Julius Caesar as he fell to the ground, stabbed to his heart (literally and allegorically) by his coterie, he uttered the unforgettable “et tu Brutus”.
Brutus, his beloved friend, too had betrayed him.
Indian politics draws much inspiration from the times of the Roman Empire. Possibly, we are a notch better. Our politicians stab from the front and that too in broad daylight.
DMK played no cloak and dagger games. It simply had the poor PM by his collar. Vote for a resolution against Sri Lanka or we’ll pull the rug.
So the PM obediently complied with instructions. The President’s speech contained a clear reference to what was to come. India broke from its long standing tradition of avoiding vote against specific country based resolutions and pushed the red button against our neighbour.
It was morally right, some would say, considering the scale of human rights violations. But what is the price that we paid? We upset the delicate strategic balance in the region. And now will clearly be edged out by Pakistan and particularly China, which has been pursuing the encircle India policy.
Tomorrow, if Pakistan manages to bring a Kashmir centric resolution to the UN table, where does one see Sri Lanka vis-à-vis us?
In an already incendiary South Asia we have abandoned national interest due to compulsion of domestic politics. A point made in the scathing letter from a very upset Sri Lanka.
A day earlier, Mamata nominee Mukul Roy, our new and hon’able Rail Minister, removed a couple of life support tubes that his predecessor Dinesh Trivedi had provided the Railways, struggling in the ICU!
The roll-back of fare hike in all segments except first and second class A/C means that the Railways can no longer mop up the expected Rs 7,000 crore. It would instead have to settle with a paltry Rs 300 crore.
Mamata had put a gun to the head of the UPA to withdraw the tariff hike that had been proposed after nearly a decade. In the last 10 years, when the rates of electricity, diesel and coal have sky-rocketed, how then can Railways continue to sustain such humungous losses? Where will it find the money to improve its pathetic safety standards, Trivedi had rightly argued.
For the first time, there were reports of the Rail Minister putting in papers a day after presenting his maiden budget. Would the government survive was the question debated, not whether the Railways was perilously close to going the Air India way.
And once again populist politics won over national interest.
The saga has been played over and over again in the two terms of the UPA. Whether it is FDI in multi-brand retail or pension and insurance reforms, the government has been paralysed by its recalcitrant partners.

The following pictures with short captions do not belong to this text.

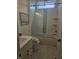 Well-lit bathroom featuring shower/tub combo with glass doors, light colored tile, and a decorative swan picture at 947 W 146Th St, Carmel, IN 46074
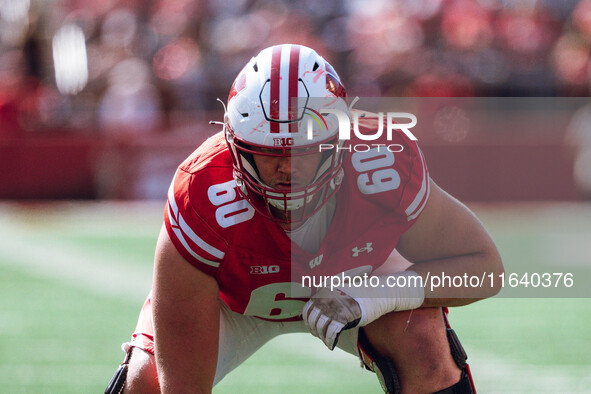 Wisconsin Badgers offensive lineman Joe Huber #60 lines up against the Purdue Boilermakers on the goal line at Camp Randall Stadium in Madis...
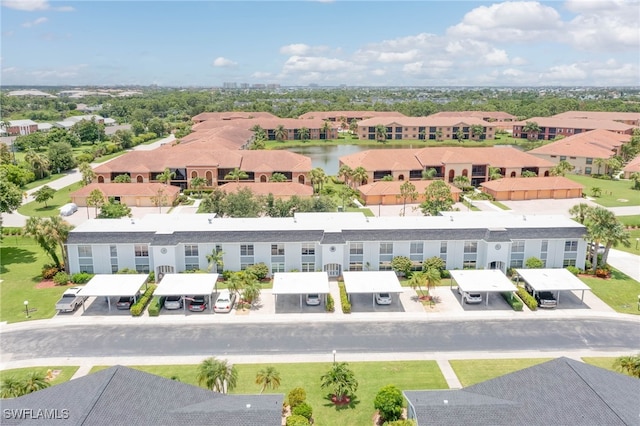 drone / aerial view with a water view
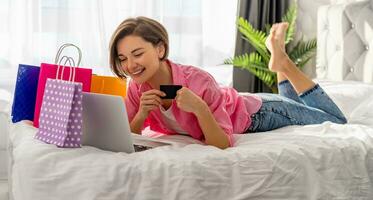 pretty happy woman lying on bed at home shopping online photo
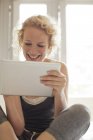 Donna sorridente utilizzando tablet digitale — Foto stock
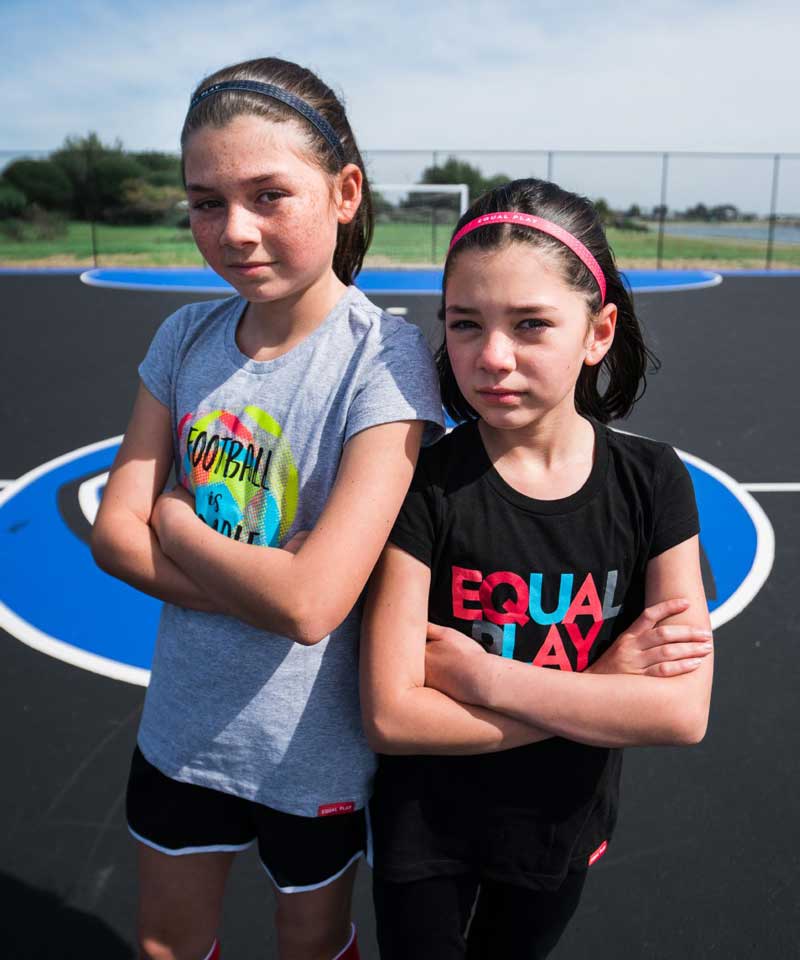 Two young girls standing on a basketball court with sports-themed shirts.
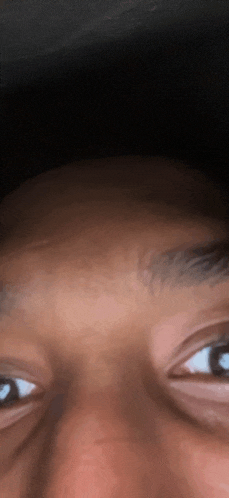 a close up of a person 's face with their eyes looking at the camera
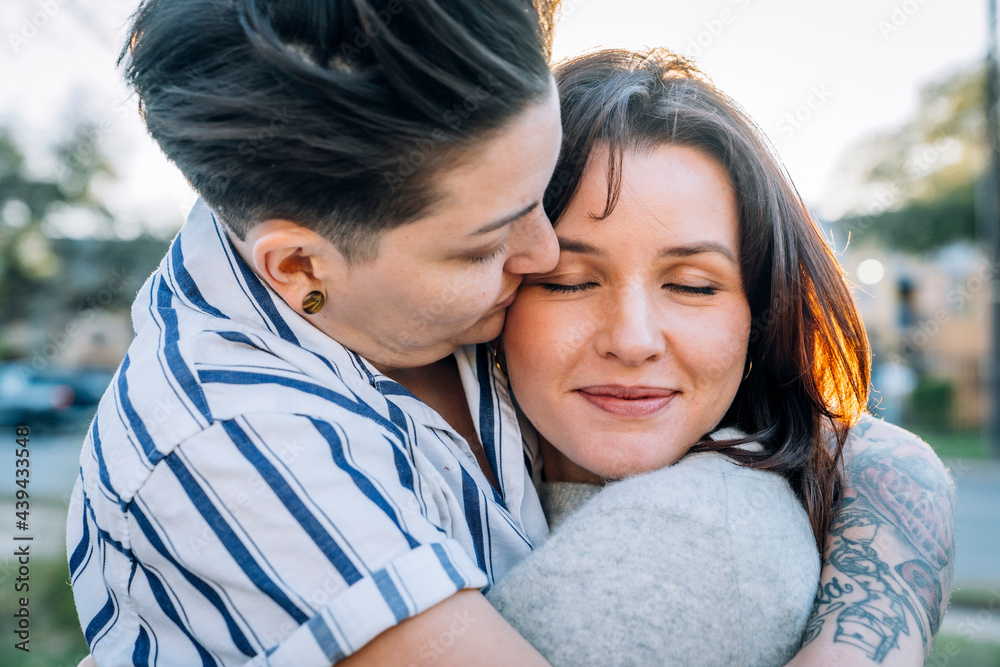 Lesbian woman hugging kissing wife on cheek Lesbian woman hugging kissing wife on cheek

There was a time when Jayalalithaa was as whimsical about every move made by the Vajpayee-led NDA government. The headstrong Madam (of the South) had given a bitter pill right at the beginning in 1998, when her elusive support to his 13-day government led to NDA’s collapse.
In the second and more stable NDA innings, the former southern siren turned politician traumatized the old man so much that he would have heaved a sigh of relief saying, “Bhoot Uttara” (the devil has been exorcised) when she quit the coalition.

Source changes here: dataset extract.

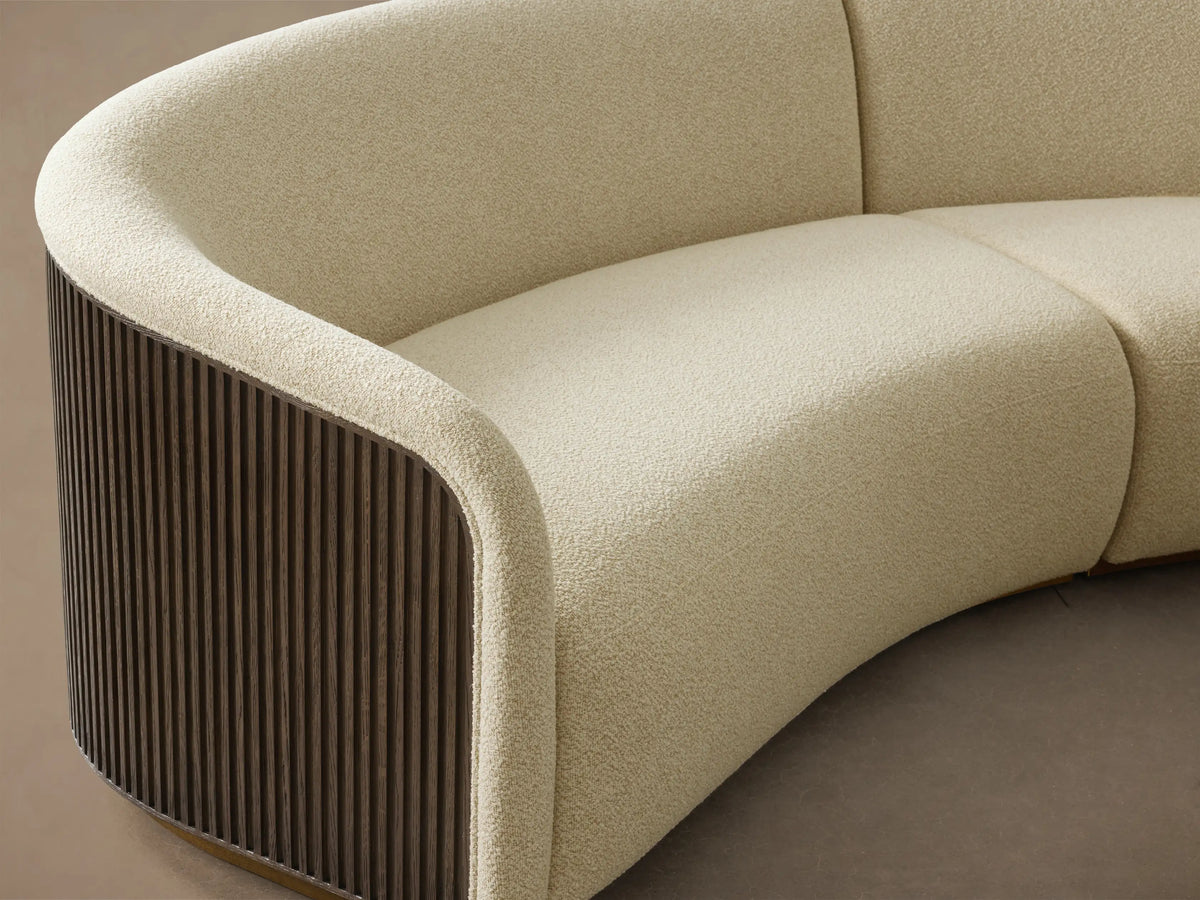 Front view of the cream boucle Finnley Two-Piece Curved Sectional with dark wood slatted ends and a light wood base.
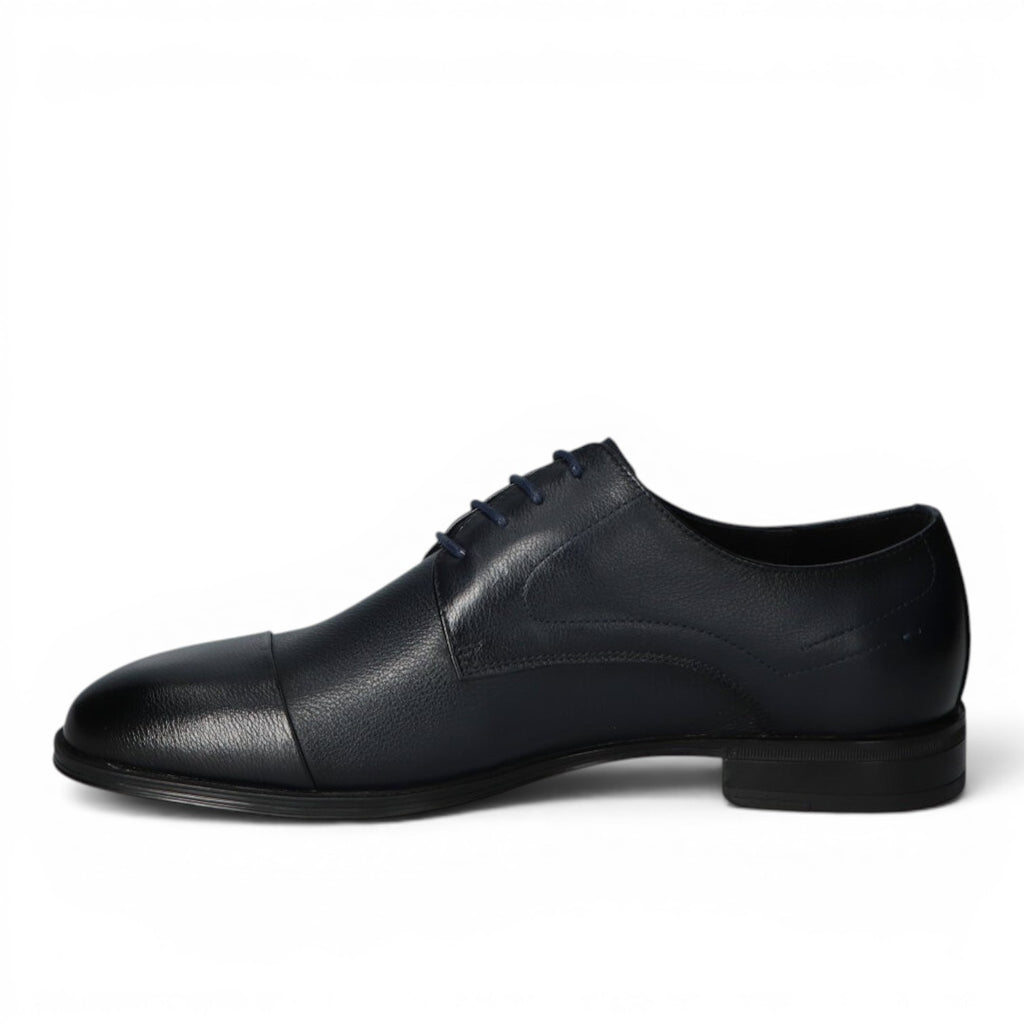 ShoeShop navy blue leather cap-toe oxford dress shoe with dark laces.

Eventually the point to debate is not how handicapped UPA is, but the nature of our federalism. Would absence of a clear mandate for national parties mean that governments remain hostage to whims of parochial state level parties? Regional politics is played out on a fairly narrow circumference of self-interest and possibly promotion of state profit to some extent. It misses the larger picture.

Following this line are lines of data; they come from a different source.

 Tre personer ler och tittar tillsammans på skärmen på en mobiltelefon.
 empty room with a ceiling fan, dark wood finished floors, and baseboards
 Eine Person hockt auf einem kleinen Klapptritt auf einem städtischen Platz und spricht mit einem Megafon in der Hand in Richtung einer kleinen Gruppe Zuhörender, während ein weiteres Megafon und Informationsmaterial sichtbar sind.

National parties continue to compromise to just sustain at the Centre. Under such circumstances, how do governments press ahead with what is good for the nation on the whole?
What may be partially unsavory for some is often in the consolidated good for all. Regional agendas, after all, cannot be allowed to impede national growth. We need to decide whether we want to see India tied-up and tugged from all corners or a united and self confident nation on the march?
Unfortunately and increasingly, the answer is more than apparent.
With friends like these of any Central government, it really won’t need enemies to stop India’s progress in the tracks.